Неужели он не слышит ее? Или не обращает внимания? Испуганная Одри зажала уши ладонями.
Хватит!
Но это ничего не изменило. Слова отца проникали в ее плоть, жгли мозг болезненными электрическими разрядами. Отец поднял черный меч, и тот вспыхнул ярким пламенем. Он поднял кинжал, и из клинка забил фонтан дождя.
— Я должен о многом поведать тебе.
Одри вздрагивала от каждого слова, как от выстрела.
— Я должен многое подарить тебе.
Она чувствовала себя, как рыба, заглотившая крючок, дергалась и извивалась от боли, которая раздирала ее изнутри, от которой не было спасения.
Одри закричала.
Его голос обрел громоподобную мощь.
— Эйди, слушай меня! Эйди, Эээээйдиииии!..
С колотящимся сердцем Одри вскочила, села в постели и прижала руки к груди, словно могла сдержать этим тяжелые болезненные удары. Каждое биение пульса стремительно прокатывалось от груди до кончиков пальцев, отдавалось болью в висках. Ночная рубашка насквозь промокла от пота.
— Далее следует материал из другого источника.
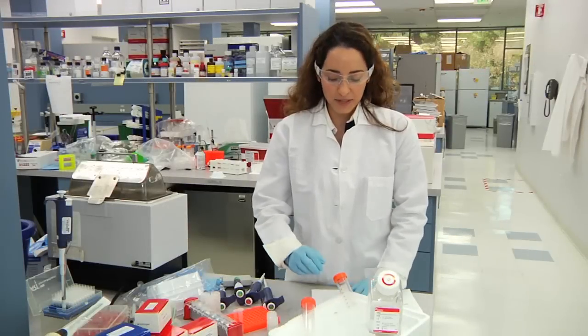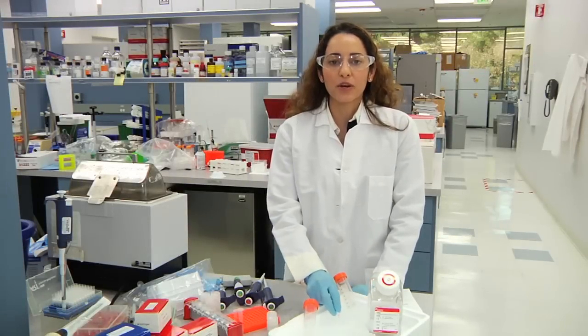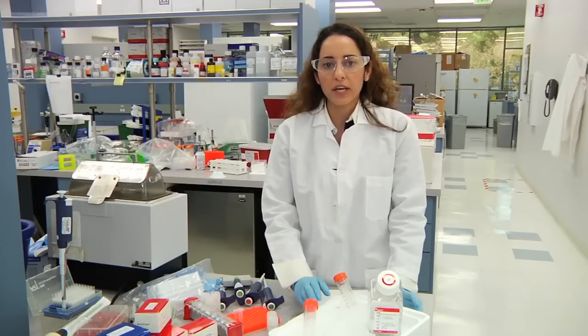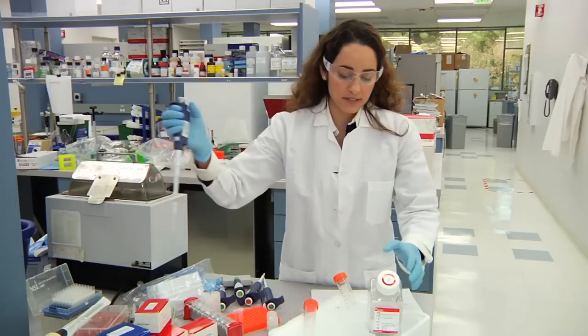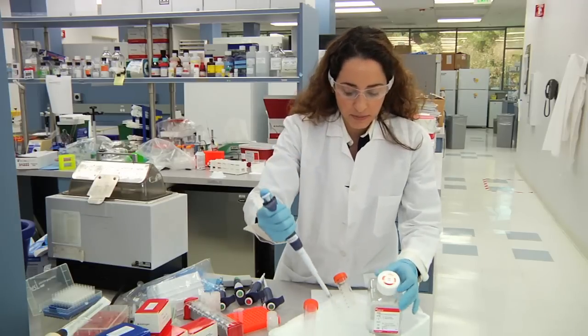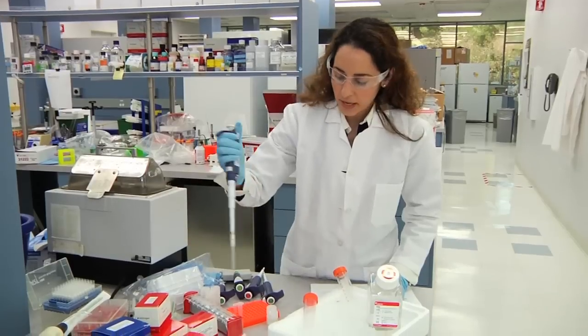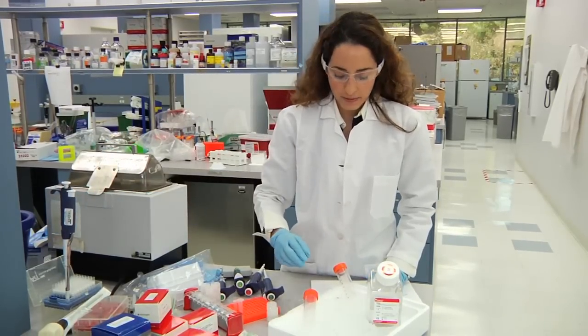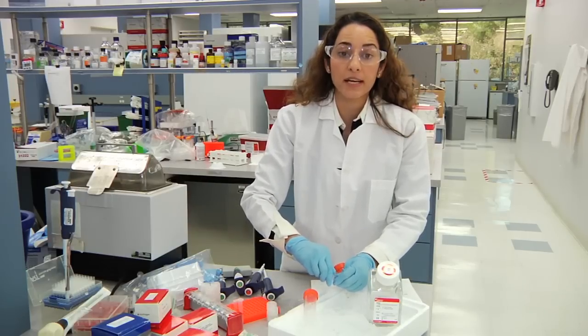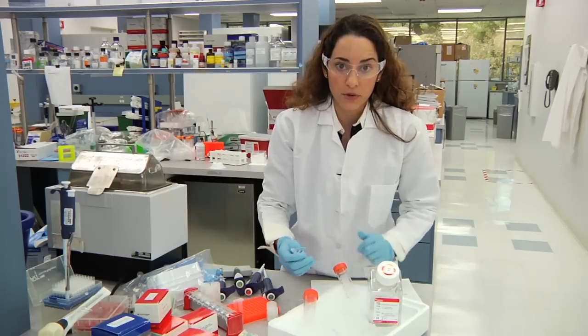Step one: we're going to start by weighing between 50 to 1,000 milligrams of fresh or frozen tissue. You're going to want to put a Petri dish on ice, make sure everything is kept cold. You're going to add 250 microliters of 1x PBS to your Petri dish that has been placed on ice, then add your tissue onto the Petri dish in order to do the second step, which is mincing with a razor blade.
Ночь окутывала Одри саваном тьмы. Одри потянулась и включила торшер. Потом достала открытку от отца. Открытка пришла несколько дней назад. Одри тогда пробежала ее и сразу отложила, спрятала. Мысль о ней, когда пришло известие о смерти, была невыносима. Но сейчас Одри неодолимо тянуло снова и снова перечитывать ее, просто держать в руках, словно открытка была талисманом, охраняющим от ужасных знамений ночных кошмаров.